Detailed Description

Complete technical specification and implementation details from the patent document.

The present disclosure relates to a Field Programmable Gate Array (FPGA) for video processing including a graphical processing unit and to a video processing device, in particular a multiviewer system comprising such an FPGA.

For the transition from media broadcasting equipment to purely IP-based broadcast equipment, operators and broadcasting companies need equipment for implementing the transition between classical broadcast equipment utilizing traditional baseband media and IP-based broadcast equipment.

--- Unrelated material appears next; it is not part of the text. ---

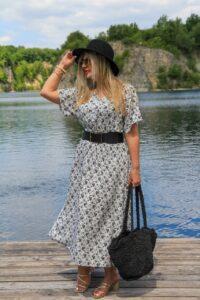 Kwiecista biała sukienka z guzikami z przodu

For the transition to purely native IP infrastructures, broadcasters and media organizations need efficient media processing tools to bridge the gap between traditional baseband media and modern IP environments. Commercially available network attached processor (NAP) devices such as Neuron® from EVS Broadcast SA offer IP video, audio, and data processing for both current and future broadcast operations. Designed around IP technology, NAP devices have the power to process up to 64 HD channels or 16 UHD channels delivered via true 100G Ethernet and optional SDI connectivity. NAP devices offer various applications including bridge, convert, protect, compress, shuffle, and view of the received channels to meet infrastructure processing requirements. In other words, by loading different kind of software it is possible to configure a hardware platform to perform different types of processing.

Operators/users in a broadcast studio for news or sports productions utilize multiviewers to monitor multiple video and audio streams at the same time for improved usability and ease of operation of their live production workflows. Flexibility on the layout of the multiviewer and low latency are aspects that are important for the users.

When operating as a multiviewer, the NAP device needs to be able to execute graphics functions such as to display audio meters, to move graphics elements by bit blitter operations, and to draw bordered boxes to name some examples. To this end, a graphic processing unit (GPU) is provided in the NAP device that interfaces with the software application that configures the NAP device as a multiviewer. For achieving smooth graphics, the GPU must be able to display e.g. 8 audio meters and adapt the display for every frame. Furthermore, execution of graphic processing should not be done at the expense of a CPU in the NAP device executing the software that implements the multiviewer functionality.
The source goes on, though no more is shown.